*** Opening ENTRIES PROVIDED ***

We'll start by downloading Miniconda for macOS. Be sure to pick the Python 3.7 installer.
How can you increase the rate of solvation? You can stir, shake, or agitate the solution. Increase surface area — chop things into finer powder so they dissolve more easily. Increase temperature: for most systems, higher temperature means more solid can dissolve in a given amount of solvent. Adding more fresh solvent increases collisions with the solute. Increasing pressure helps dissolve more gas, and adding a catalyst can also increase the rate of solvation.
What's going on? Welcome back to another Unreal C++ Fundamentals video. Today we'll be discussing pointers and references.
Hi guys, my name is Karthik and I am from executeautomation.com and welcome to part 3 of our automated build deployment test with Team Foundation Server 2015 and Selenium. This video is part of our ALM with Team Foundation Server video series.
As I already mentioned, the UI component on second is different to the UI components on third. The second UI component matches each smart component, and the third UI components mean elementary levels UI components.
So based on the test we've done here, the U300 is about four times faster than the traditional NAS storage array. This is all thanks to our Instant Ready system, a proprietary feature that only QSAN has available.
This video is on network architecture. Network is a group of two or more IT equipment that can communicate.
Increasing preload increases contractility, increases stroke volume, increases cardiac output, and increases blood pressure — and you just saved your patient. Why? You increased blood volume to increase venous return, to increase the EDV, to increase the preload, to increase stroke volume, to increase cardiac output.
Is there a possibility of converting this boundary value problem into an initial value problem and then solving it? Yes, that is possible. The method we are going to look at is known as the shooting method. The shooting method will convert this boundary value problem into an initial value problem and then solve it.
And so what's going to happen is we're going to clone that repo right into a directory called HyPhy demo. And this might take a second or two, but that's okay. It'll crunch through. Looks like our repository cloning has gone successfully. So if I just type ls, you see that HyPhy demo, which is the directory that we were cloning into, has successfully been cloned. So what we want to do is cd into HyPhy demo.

*** Closing ENTRIES PROVIDED ***

- _TASK_
The material above should be returned exactly, in full.

- _OUTPUT BELOW_
We'll start by downloading Miniconda for macOS. Be sure to pick the Python 3.7 installer.
How can you increase the rate of solvation? You can stir, shake, or agitate the solution. Increase surface area — chop things into finer powder so they dissolve more easily. Increase temperature: for most systems, higher temperature means more solid can dissolve in a given amount of solvent. Adding more fresh solvent increases collisions with the solute. Increasing pressure helps dissolve more gas, and adding a catalyst can also increase the rate of solvation.
What's going on? Welcome back to another Unreal C++ Fundamentals video. Today we'll be discussing pointers and references.
Hi guys, my name is Karthik and I am from executeautomation.com and welcome to part 3 of our automated build deployment test with Team Foundation Server 2015 and Selenium. This video is part of our ALM with Team Foundation Server video series.
As I already mentioned, the UI component on second is different to the UI components on third. The second UI component matches each smart component, and the third UI components mean elementary levels UI components.
So based on the test we've done here, the U300 is about four times faster than the traditional NAS storage array. This is all thanks to our Instant Ready system, a proprietary feature that only QSAN has available.
This video is on network architecture. Network is a group of two or more IT equipment that can communicate.
Increasing preload increases contractility, increases stroke volume, increases cardiac output, and increases blood pressure — and you just saved your patient. Why? You increased blood volume to increase venous return, to increase the EDV, to increase the preload, to increase stroke volume, to increase cardiac output.
Is there a possibility of converting this boundary value problem into an initial value problem and then solving it? Yes, that is possible. The method we are going to look at is known as the shooting method. The shooting method will convert this boundary value problem into an initial value problem and then solve it.
And so what's going to happen is we're going to clone that repo right into a directory called HyPhy demo. And this might take a second or two, but that's okay. It'll crunch through. Looks like our repository cloning has gone successfully. So if I just type ls, you see that HyPhy demo, which is the directory that we were cloning into, has successfully been cloned. So what we want to do is cd into HyPhy demo.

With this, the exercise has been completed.